Israel believes Iran is a threat to its security despite Iran’s insistence that it doesn’t want nuclear weapons.
Israel has begun its long-signalled attacks on Iran with Prime Minister Benjamin Netanyahu saying they would continue “as long as necessary”.
The attacks, which began early on Friday, appear to have been carefully planned, hitting military and government targets and killing several senior military leaders – including the head of the Islamic Revolutionary Guard Corps (IRGC), Hossein Salami, and the chief of staff of the armed forces, Mohammad Bagheri.
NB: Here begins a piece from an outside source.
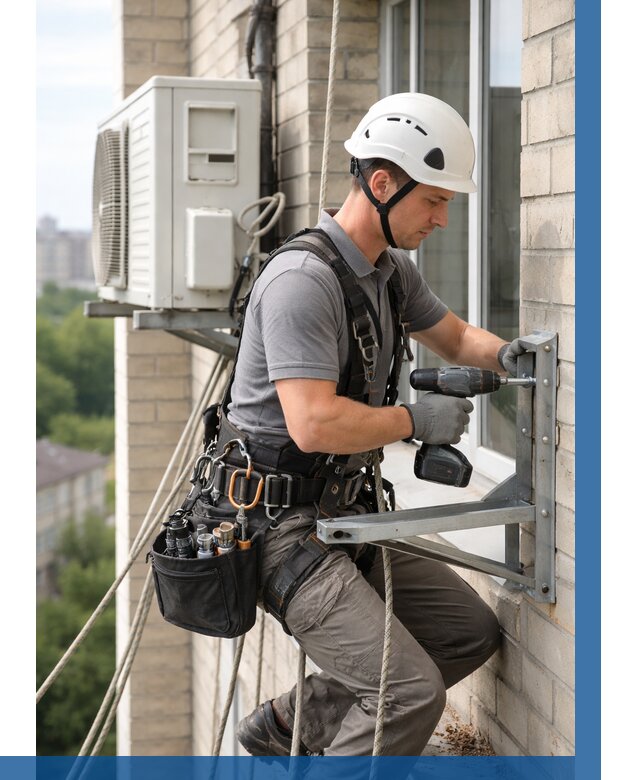 Установка кронштейнов кондиционера в Омске от 3629 р. | ВЫСОТНИК-Омс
Prominent Iranian nuclear scientists are also among the dead.
The strikes took place despite negotiations between Iran and Israel’s principal ally, the United States, over the future of Tehran’s nuclear programme, leading many to suspect that the threat of Israeli action was a coordinated ploy to bring additional pressure onto Iran.
US support remains vital to Israel. As well as serving as the country’s principal armourer, Washington also acts as a permanent shield against criticism of Israel in the United Nations, frequently using its veto in the UN Security Council to halt any official censure of its ally despite allegations of Israel’s repeated breaches of international law.
And an attack against Iran – a powerful regional force with allied groups across the Middle East – is ultimately a risky move for Israel, which is expecting an Iranian response, and the US, which has soldiers deployed across the region.
So, given the stakes, why would Israel attack Iran and why now? Here’s what we know:
Israel’s military superiority in the Middle East comes not just through its conventional arsenal or the backing of the US, but from the advantage it has that no other country in the region does: nuclear weapons.
Justifying the Israeli attack, Netanyahu said Iran could have produced “a nuclear weapon in a very short time – it could be a year, or it could be a few months”. An unnamed Israeli military official was also quoted as saying Iran had “enough fission material for 15 nuclear bombs within days”.
The International Atomic Energy Agency (IAEA) reported on Thursday that Iran had failed to uphold the obligations it had signed on to as part of the Nuclear Non-Proliferation Treaty, an accusation Iran quickly rejected.
The IAEA also noted what it believed was a long history of noncooperation between Iran and its inspectors. However, it didn’t say that Iran had developed nuclear weapons.
Did Iran pose an imminent nuclear threat to Israel?
As part of a 2015 deal with the US, other Western countries, China and Russia, Iran agreed to limit its nuclear programme and allow the IAEA to regularly inspect its facilities in return for relief from the crippling sanctions that it was under.
However, in 2018, US President Donald Trump – then in his first presidential term – unilaterally withdrew from the deal and reimposed sanctions.
Netanyahu has previously described Iran as “the head of the octopus” with “tentacles all around from the Houthis to Hezbollah to Hamas”. The idea is that Iran is at the head of a network of anti-Israeli groups across the region known as the “axis of resistance”.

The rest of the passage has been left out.